The challenge lies in the software, which must support a continuous speech interface and India’s numerous regional languages and dialects, on a device approximately 10 times slower than your average desktop PC. Using several accelerating technologies, Canny says they’ve got the program working up to speed. His team has been collaborating with faculty from the Graduate School of Education to design instruction custom-tailored to this unique and challenging learning environment. Finally, they are working to improve recognizer accuracy using context information and using design patterns to develop more engaging, effective learning games.

Education isn’t the only possible use for a speech-based interface like the one Canny and his students
are creating. Brewer sees potential for speech as a new kind of user interface. “The most expensive part of the computer interface is the
screen. If you can make it smaller or replace it with a voice interface, it would make it much cheaper,” says Brewer, who also points
out it would give people with limited literacy the ability to use a computer. He and two students have produced a proposal for the
architecture of a speech-controlled hardware device.

Displays for Less

If a voice interface offers up one tantalizing possibility for a low-cost interface, a cheaper screen presents another. Imagine a laptop screen that costs only a few dollars to produce and consumes a fraction of the power. Such a screen may soon become a reality thanks to an alternative manufacturing technique developed by Vivek Subramanian and his Organic Electronics Group.

Behind every pixel on a typical laptop screen is a silicon transistor, which is produced using a costly and wasteful method called subtractive processing.

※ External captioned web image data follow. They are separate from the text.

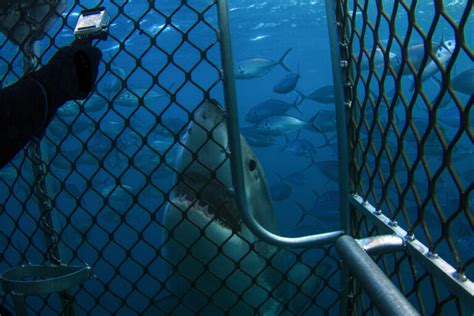 Is Shark Cage Diving Safe? - American Oceans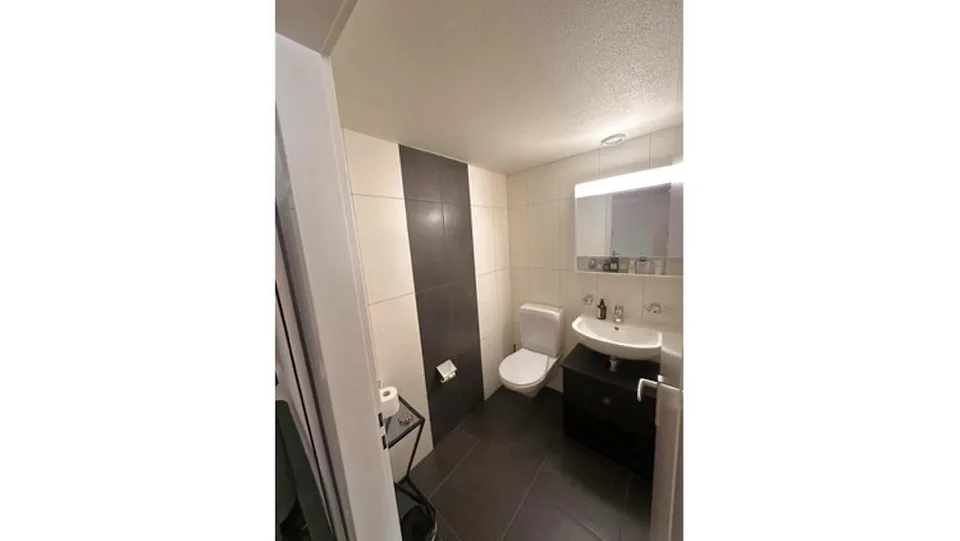 APPARTEMENT 2½ PIÈCES À LAUSANNE - SOUS-GARE/OUCHY, MEUBLÉ, DURÉE DÉTE – foto 12 di 14
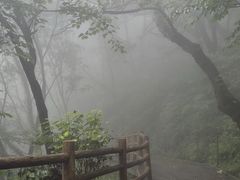 -少华山国家森林公园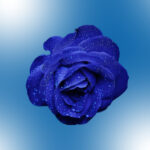 Plava ruža cvijet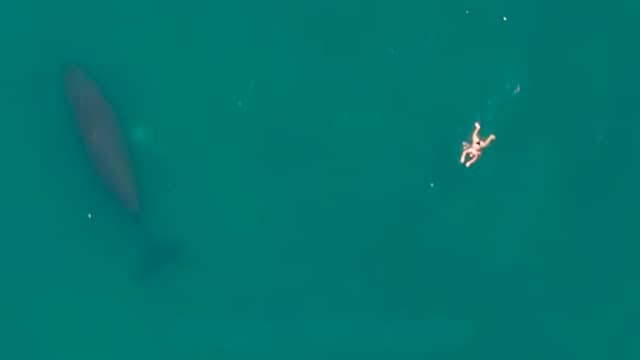 Drone filmt vrouw die tussen bultrug en prooidieren zwemt in VS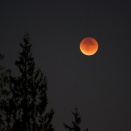 3/3の皆既月食のロケハンはプロキオンを使ってやりましょう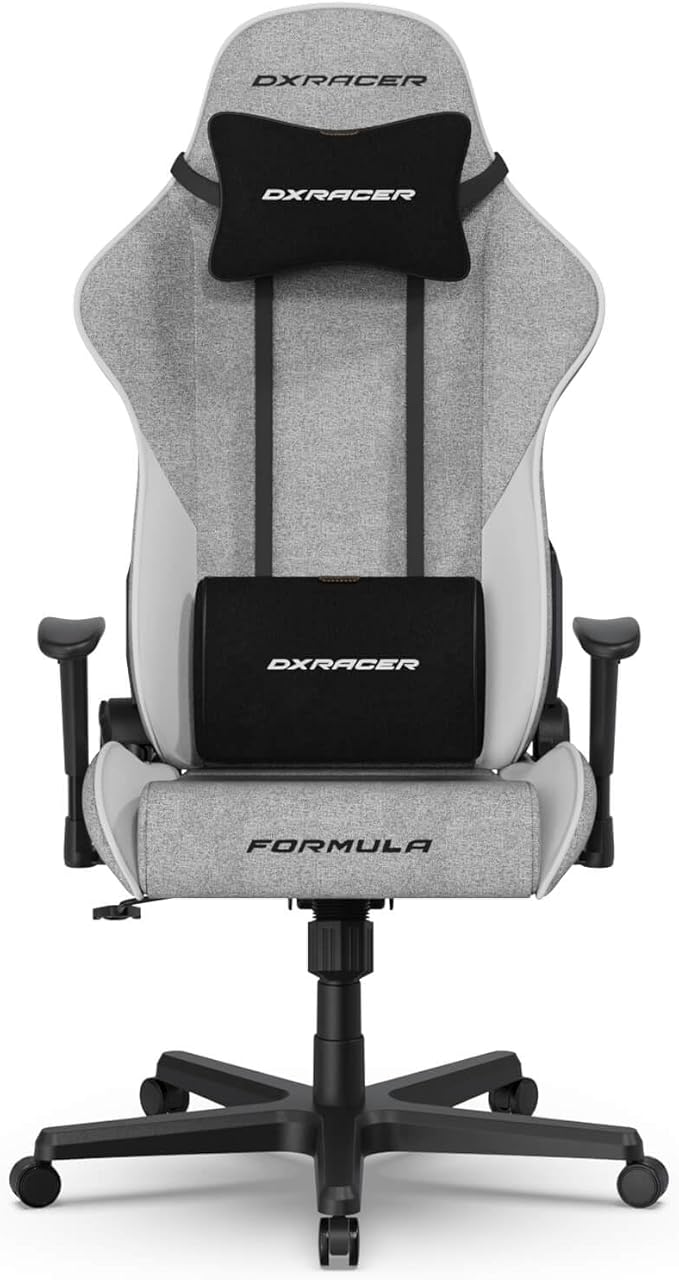 DXRacer Formula L Ergonomic Gaming Chair for Adults Reclining Video Office Computer Gamer Chair with Lumbar Support and Headrest (Water-Resistant Fabric Gray White)
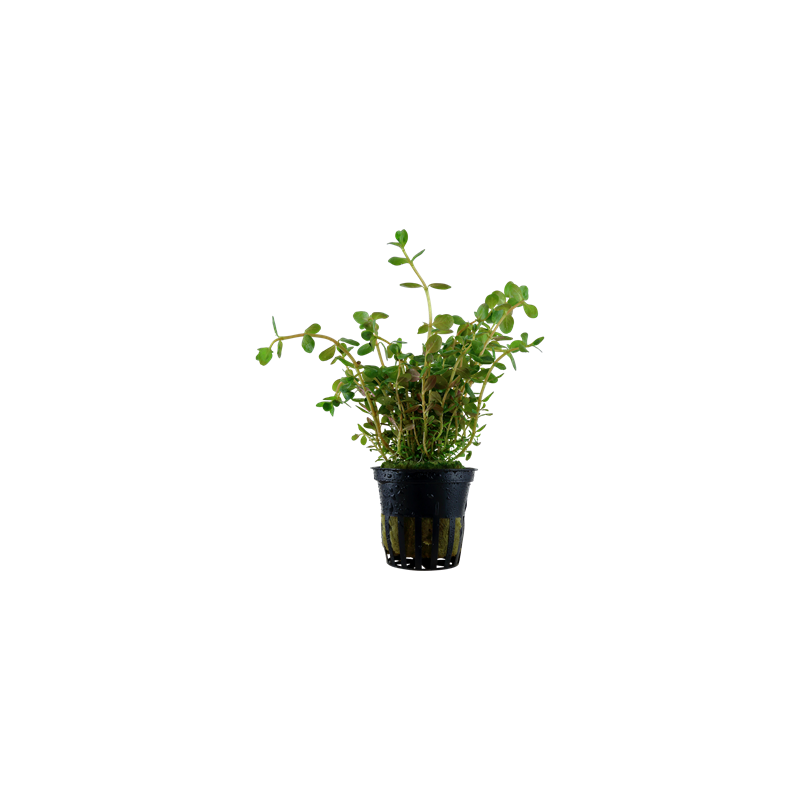 Rotala rotundifolia dans le pot - Tropica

In addition, because silicon transistors are opaque, they block part of the light, requiring more power to make the screen bright. That’s why as much as 60 percent of power consumption on a laptop computer comes from the display.

Using a novel manufacturing technique that prints transistors and chips using transparent materials, Subramanian’s group has successfully produced fully-printed low-cost liquid crystal display cells, and has also produced with transistors for driving these made
from transparent printed zinc oxide nanoparticles. Because these cells are transparent, they also require less power to brighten the screen. “Compared to amorphous silicon, our transistors are just as good. There are still a few problems to solve, but it’s potentially much cheaper with no real trade-off in performance,” says Subramanian.

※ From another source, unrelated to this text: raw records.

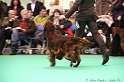 Crufts2011 812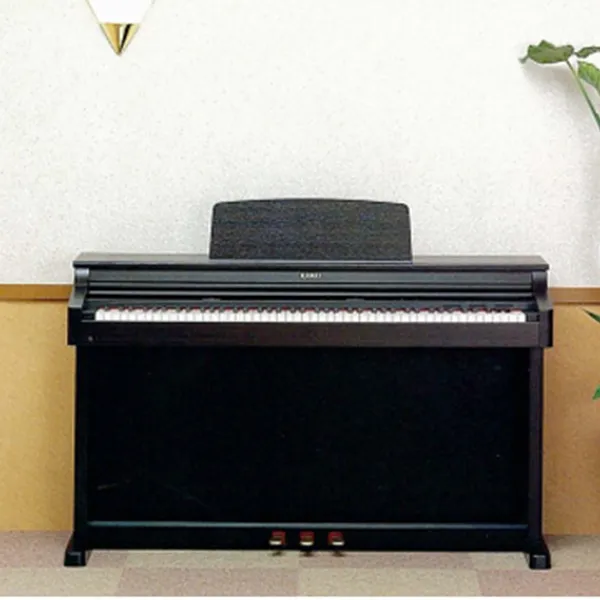 Music City – Tổng Kho Piano, Guitar, Organ | Dịch Vụ Giáo Dục Âm Nhạc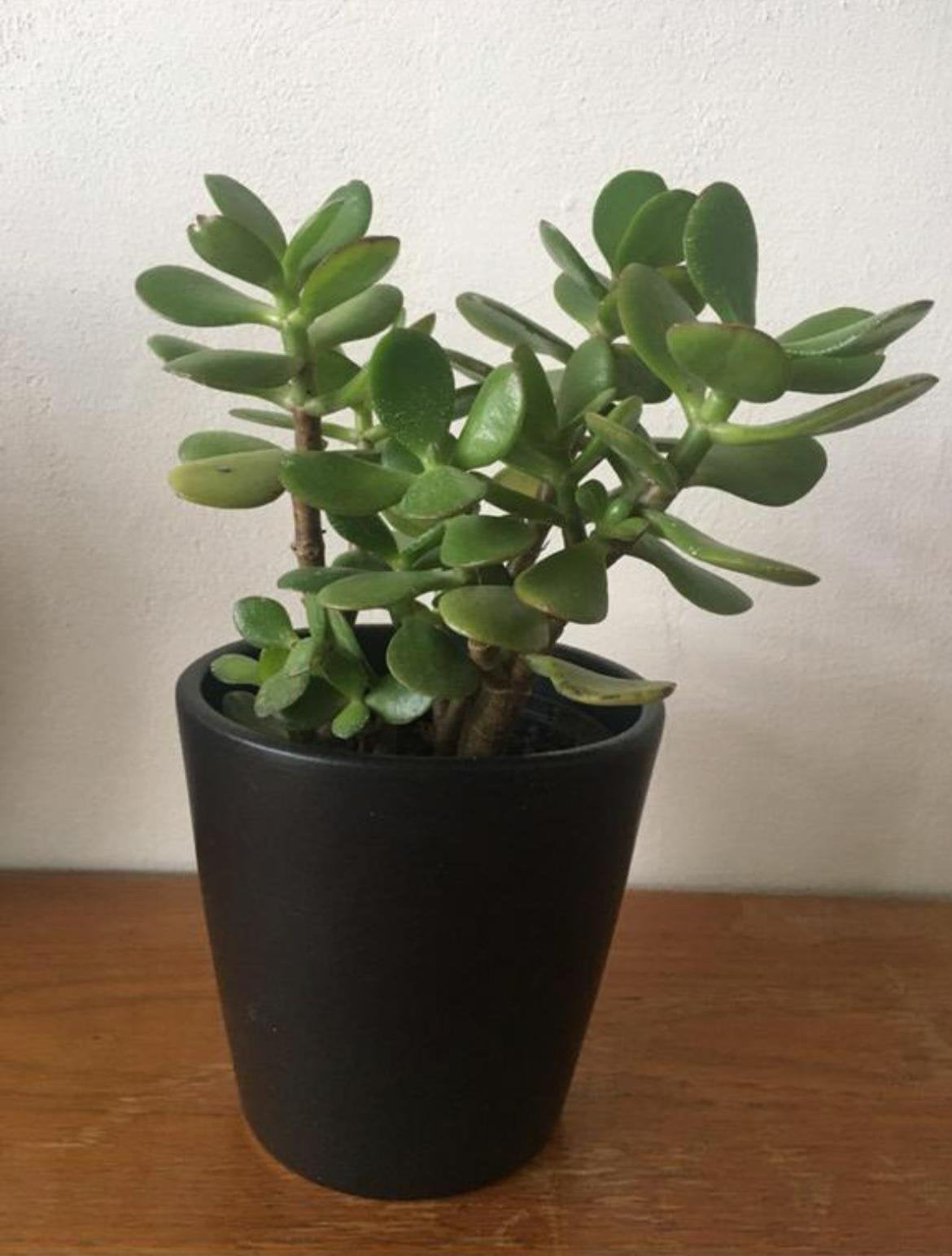 Zwarte glanzende keramische bloempotten vintage/BIO planten, Tuin en Terras, Bloempotten, Ophalen, Rond, Binnen, Zo goed als nieuw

Displays aren’t the only thing that Subramanian’s printing technique is making more affordable. It’s also being applied to make cheaper RFID tags and sensors.

Benefits for All

Low-cost displays, robust speech-interfaces are technologies, and long-distance wireless networks may have been created with the needs and constraints of the developing world in mind, but it’s not difficult to imagine how such innovations will make their way into devices used by people in wealthier nations as well.

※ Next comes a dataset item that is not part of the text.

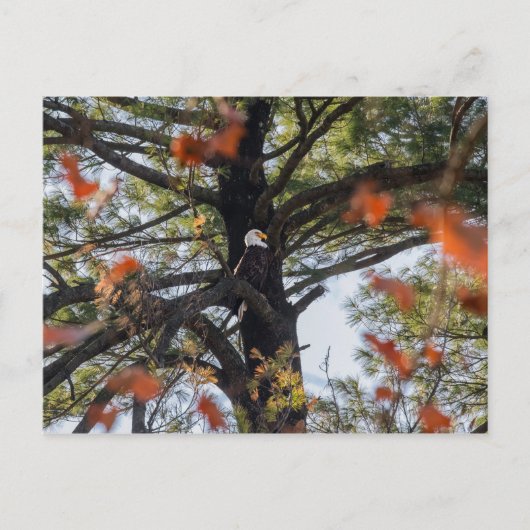 Eagle en Falling Leaves Briefkaart (Voorkant)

For industry, the developing world promises new economic opportunities. “Companies like Intel and Microsoft have covered Western markets. To grow, they have to expand their markets. Working in developing regions is a way to understand these regions and needs and come up with strategies that are appropriate down the road,” says Brewer.

Hence, there is a very strong economic case to be made for investment in technology for the developing world. Intel, HP, Microsoft, Qualcomm all key CITRIS sponsors have recognized this and are enthusiastic about supporting deployments in countries like India, China, and Rwanda. The most immediate benefits of the work being done by CITRIS’s researchers and corporate partners are not for the developed world alone. We believe at CITRIS that if we can improve a lot of the poorest four billion people on the planet, we will improve society as a whole.